My first day on the job wore me down pretty hard. I had salt-rime all over my shirt; and my boots, stylish Easy-Rider boots with the cool straps and rings and all, were not ideal for working on your feet all day. I barely made it through a shower and dinner before flopping on the bed. The next morning was unbelievable hell. Every joint and muscle was on fire. My feet were swollen and painful and I was barely able to get my boots on. I could hardly walk. But I went to work. It took an hour or more to work the aches and kinks out of the muscles and joints but the feet were not getting better. Walking was pure misery and lifting and shifting caused the fire to spread up my legs. That night I was even slower to the shower and bed. The third day I wasn't sure I would be able to get up at all. The boots were the worst part; the wrestling match to get them on caused so much pain I was afraid I would pass out. But they were the only hard shoes I owned and we weren't allowed to wear "tennies". The heat was unbearable; the days went on forever. The breaks - fifteen minutes in the morning and afternoon - were too short, lunchtime too long in coming and too soon over, and driving home too little of a relief.

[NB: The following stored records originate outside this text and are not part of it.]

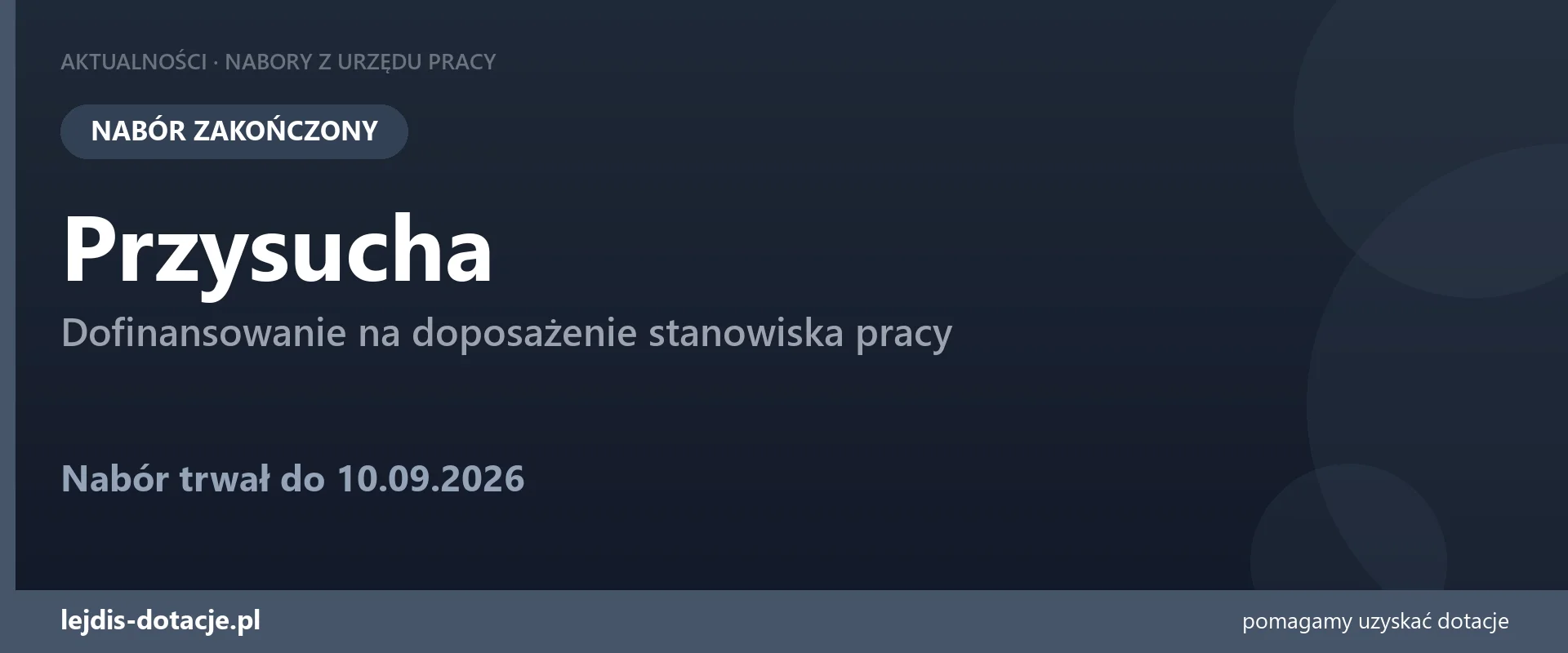 PUP Przysucha zakończył nabór — dofinansowanie na doposażenie stanowiska pracy (10 września 2026)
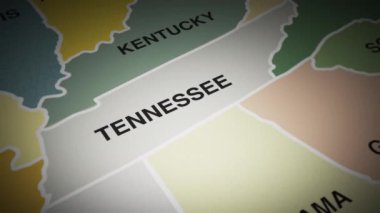 ABD haritası Tennessee eyaletine döndü. Yüksek kalite 4k görüntü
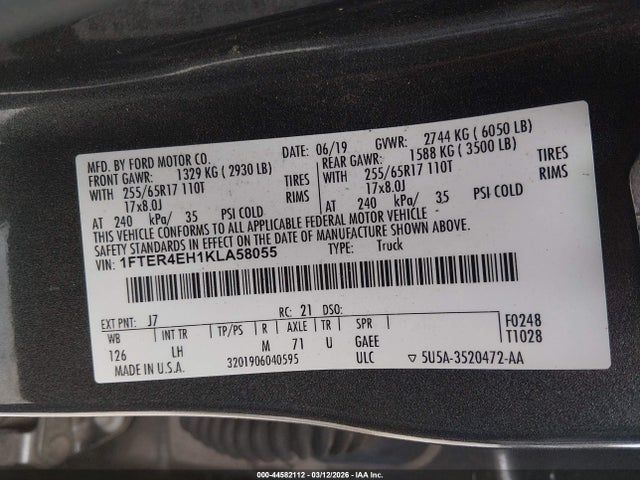 2019 FORD RANGER 1FTER4EH1KLA58055 Photo 8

Monday of the second week was almost like starting all over again, but by noon I was feeling pretty good. My feet hadn't started off swollen; the weekend had calmed that down and I was actually able to jump around on the pallets without tears. Surprisingly, Tuesday I was able to get up and get going without the moans and groans. On Wednesday I actually took part in the lunchtime discussion of the Summer Olympics, got curious enough to watch that night, and my family got hooked on the coverage. The third week I was finally getting in condition...feet, joints, muscles. I still came home sweated-out and sore. I still woke up hurting and tight. But not like the first week. The end of the third week they let me go. "Term Limits" for non-union temps. They told me I did okay, but they would not hire me back on for at least three weeks. So I went in search of something new.
I think that the job at Associated Grocers would qualify today as one of those that sympathizers would say "white people" won't do...so we need an illegal to do it. Funny thing was, there wasn't a single Hispanic person on that crew. In those days, Phoenix was not covered on every corner with a dozen off-the-books "day workers" (illegals). Every time ICE raids a company and runs off a dozen or a hundred or three hundred illegals, the jobs are almost immediately filled by legal Americans who want to work. RoseinArizona's post about the cost of illegals has some sobering dollar amounts, especially in the area of labor. I don't think there are any jobs Americans won't do...I know I have had my share of jobs that I really didn't want to do but all those littlies were addicted to food. I would dare to say that I have had a few jobs the illegals wouldn't do. The argument is not valid.